I am just a goof around / hobby picture taker (not a real photographer ) but I watch youtube videos by people who do it for a living. They spend a lot of time with editing software vs I spend nearly zero. ( just some minor cropping and compression to post them ).

_______________


There are a lot of grit levels of bead / sand blasting that can be used. It is easy to get carried away and use too aggressive of approach.

Some people use tumbling to clean / polish out stones, reloading brass and aluminum parts.

It is common to put tape over threads and critical areas to protect them from the surface re-shaping.

It isn't terribly difficult to set up a home type II anodizing setup. This will create a moderately durable surface that can be dyed. It is surprisingly sensitive to small details about the aluminum, surface treatment and skin oils in terms of consistency / blotchy results.

Type III hard anodizing is more complex to set up and definitely requires some practice. It involves cold H2SO4 baths and all that goes along with running electricity through them.

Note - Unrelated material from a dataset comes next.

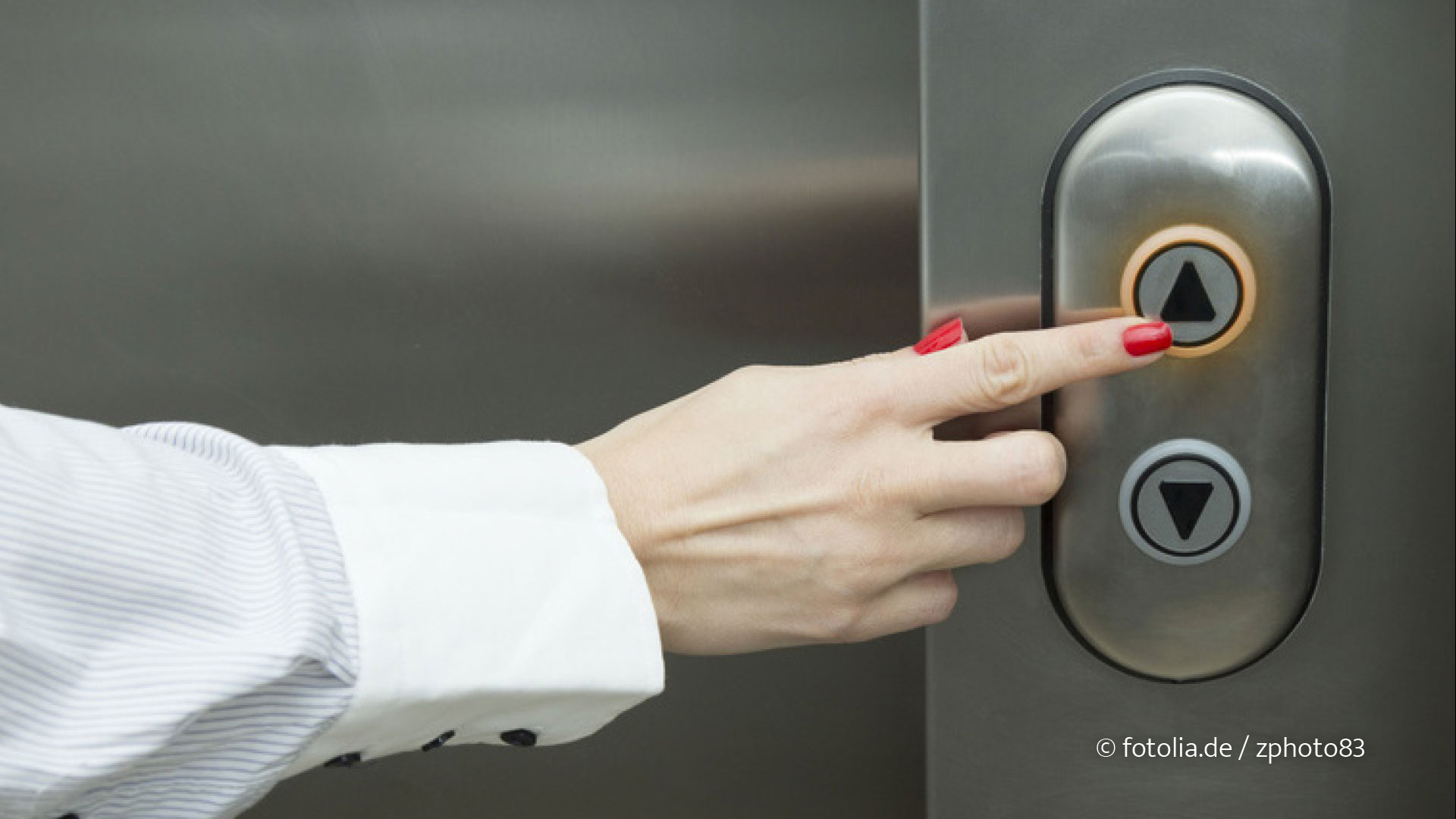 Ein Aufzug im eigenen Haus ist nicht nur im Alter eine praktische Ergänzung und Erleichterung des Alltags. (Foto: © fotolia.de / zphoto83)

There are companies that offer this as a service - but you have to be willing to pay the minimum fee.

Getting things to look nice is the hardest part of any project / material for me. Even for wood finishes I am finding that the detailed instructions seem to be written to meet a code compliance as opposed to actually the best results.

_________

It might make sense to pick up a couple of broken / not very functional lights and experiment with finishing so that you get the results that you like.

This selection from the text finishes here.